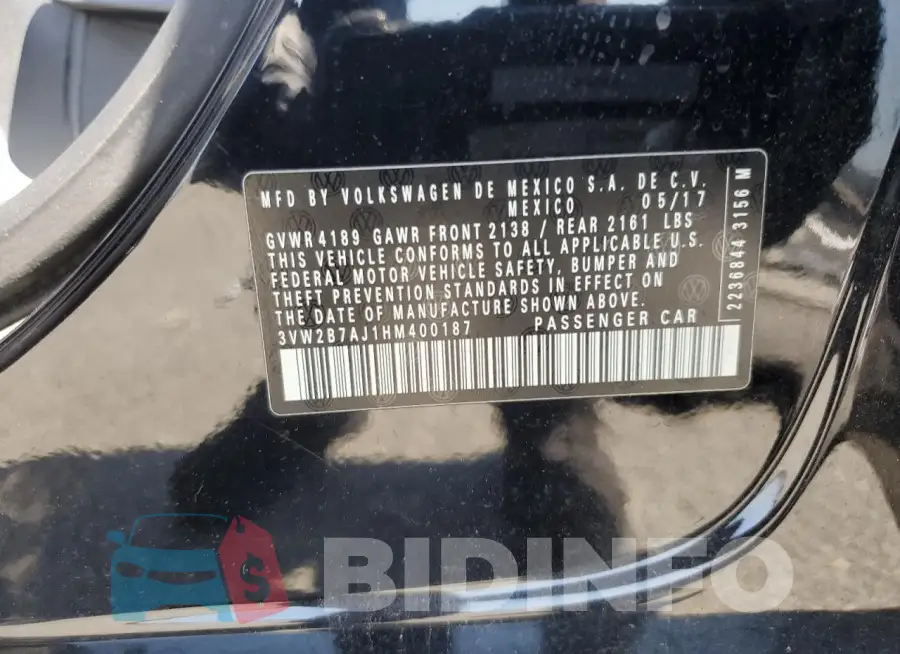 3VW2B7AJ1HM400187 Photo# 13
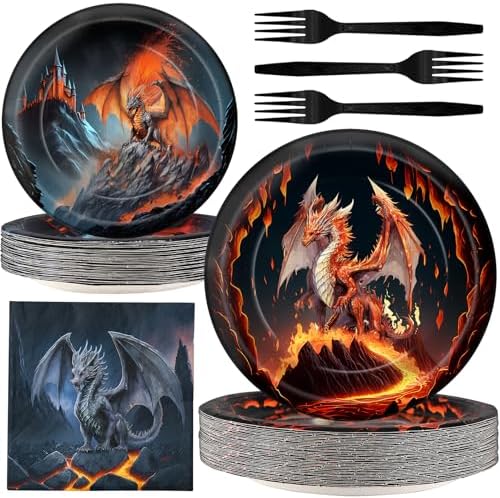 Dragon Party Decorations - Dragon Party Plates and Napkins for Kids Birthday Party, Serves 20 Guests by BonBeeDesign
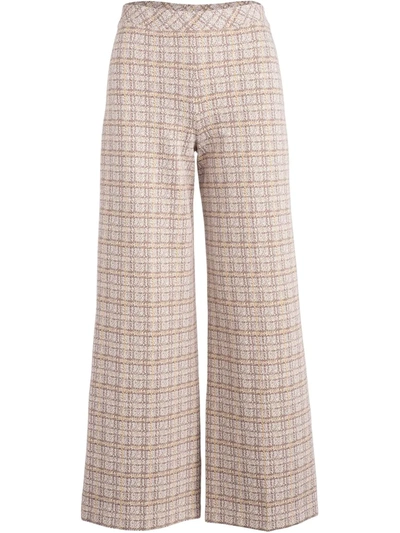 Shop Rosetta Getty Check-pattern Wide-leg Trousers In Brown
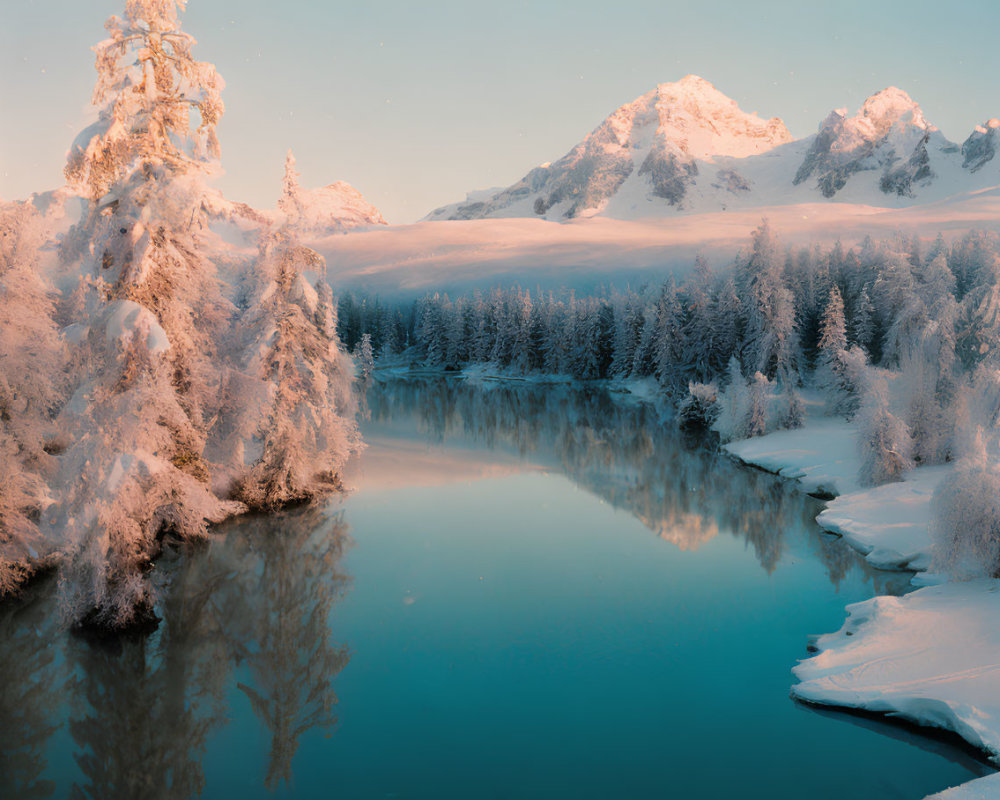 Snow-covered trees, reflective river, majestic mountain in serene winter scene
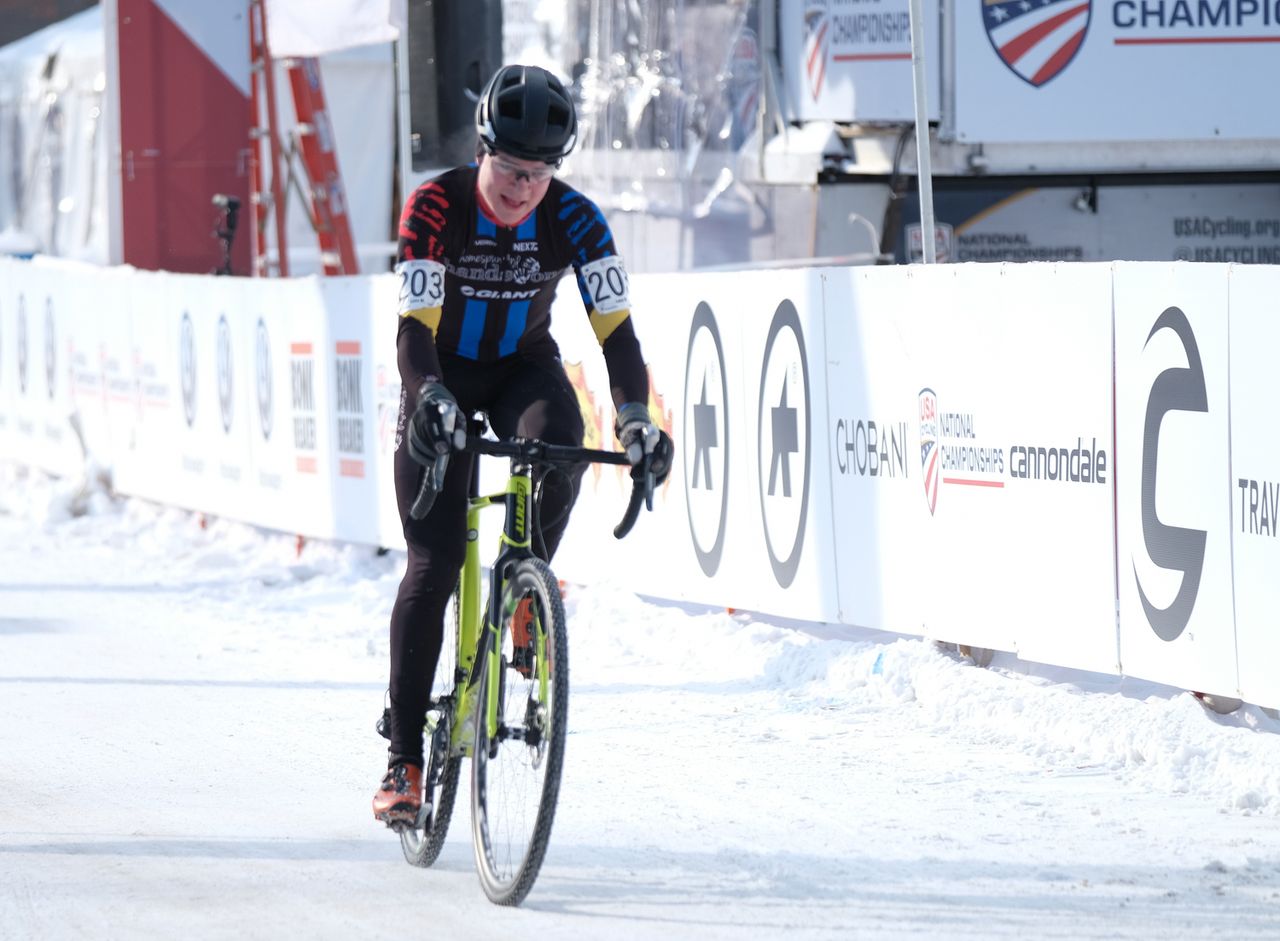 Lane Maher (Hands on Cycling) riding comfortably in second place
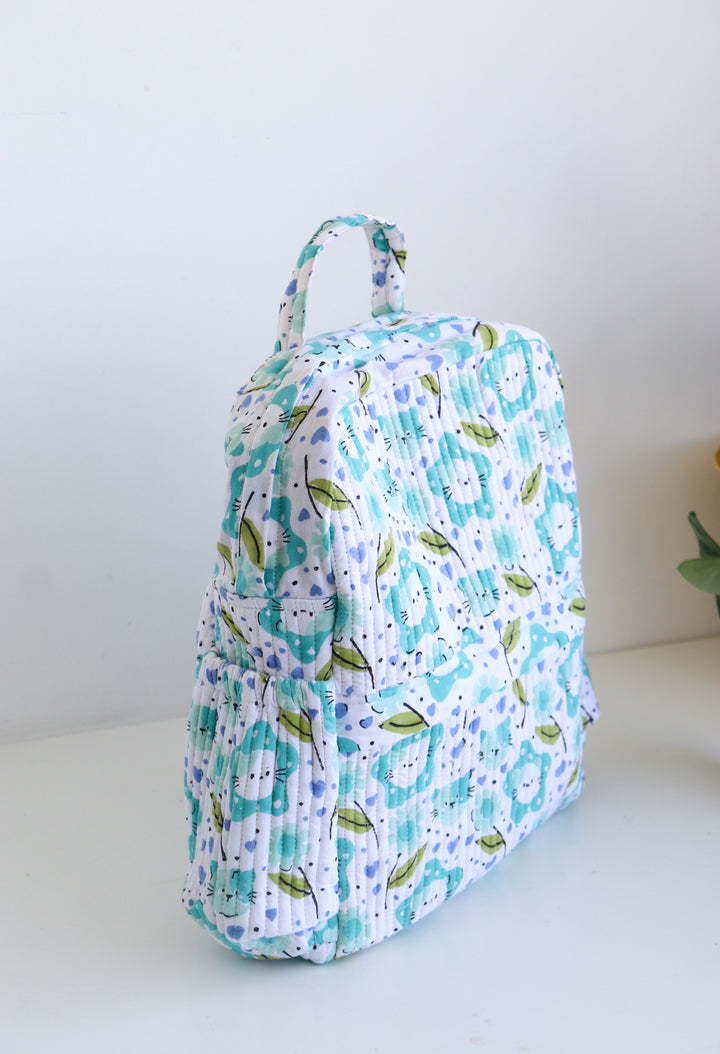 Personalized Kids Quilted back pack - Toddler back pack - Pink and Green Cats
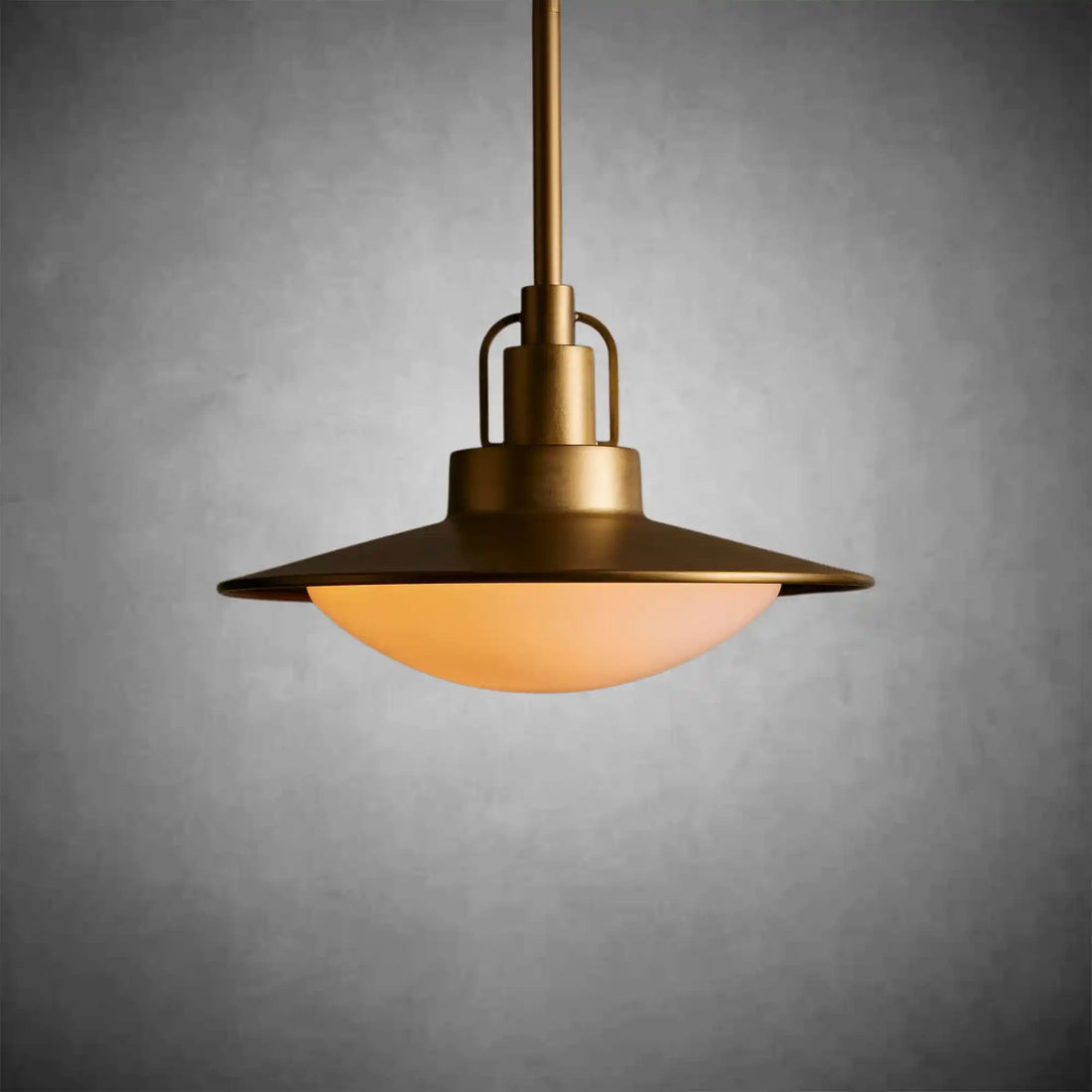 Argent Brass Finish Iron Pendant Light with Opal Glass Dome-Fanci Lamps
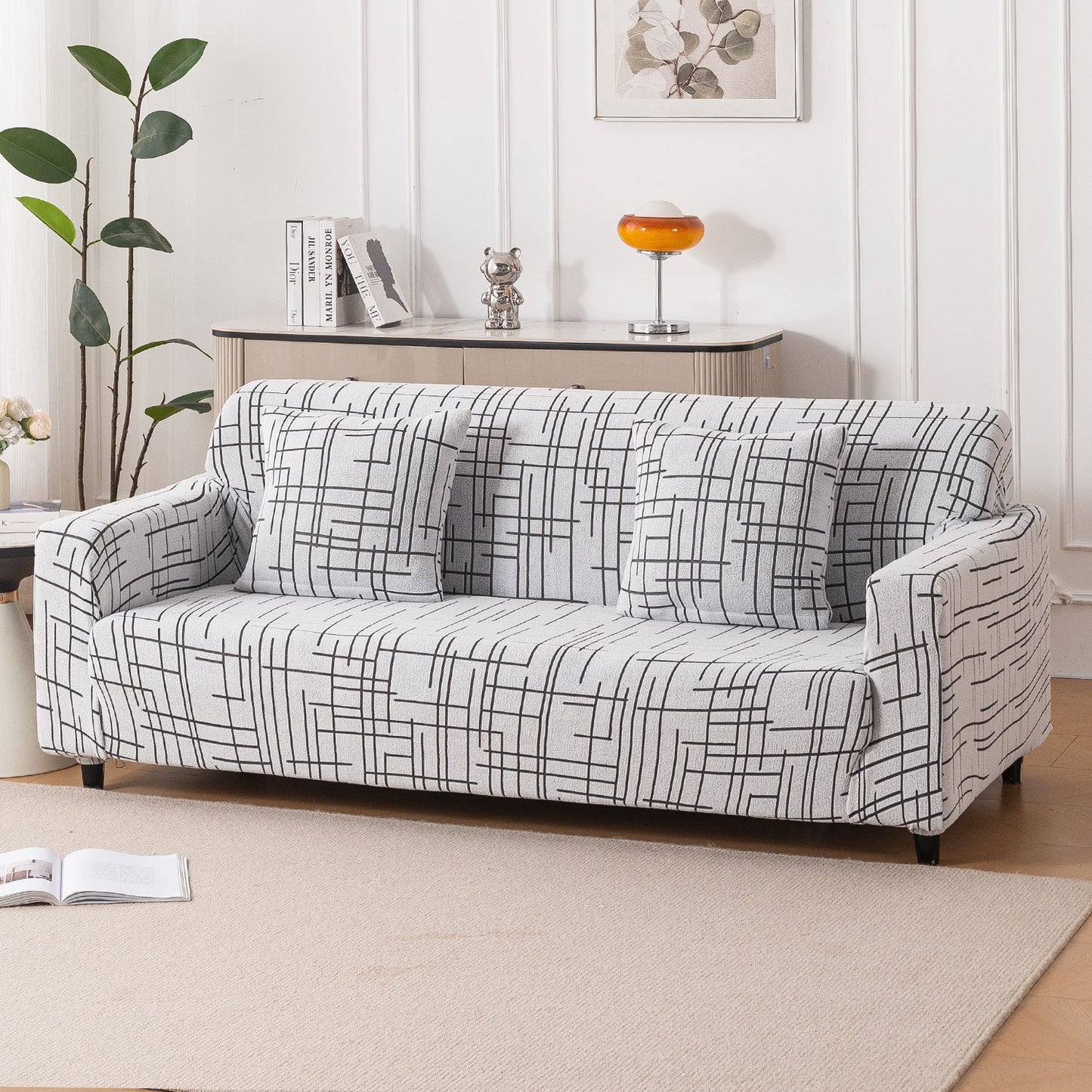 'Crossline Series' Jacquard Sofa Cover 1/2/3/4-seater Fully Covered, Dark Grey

- About this exercise
Find the line that contains "Lane Maher (Hands". Copy it and every line after it through the end of the listing exactly, but not the pictures.

- Response to the exercise
 Lane Maher (Hands on Cycling) riding comfortably in second place
 Personalized Kids Quilted back pack - Toddler back pack - Pink and Green Cats
 Argent Brass Finish Iron Pendant Light with Opal Glass Dome-Fanci Lamps
 'Crossline Series' Jacquard Sofa Cover 1/2/3/4-seater Fully Covered, Dark Grey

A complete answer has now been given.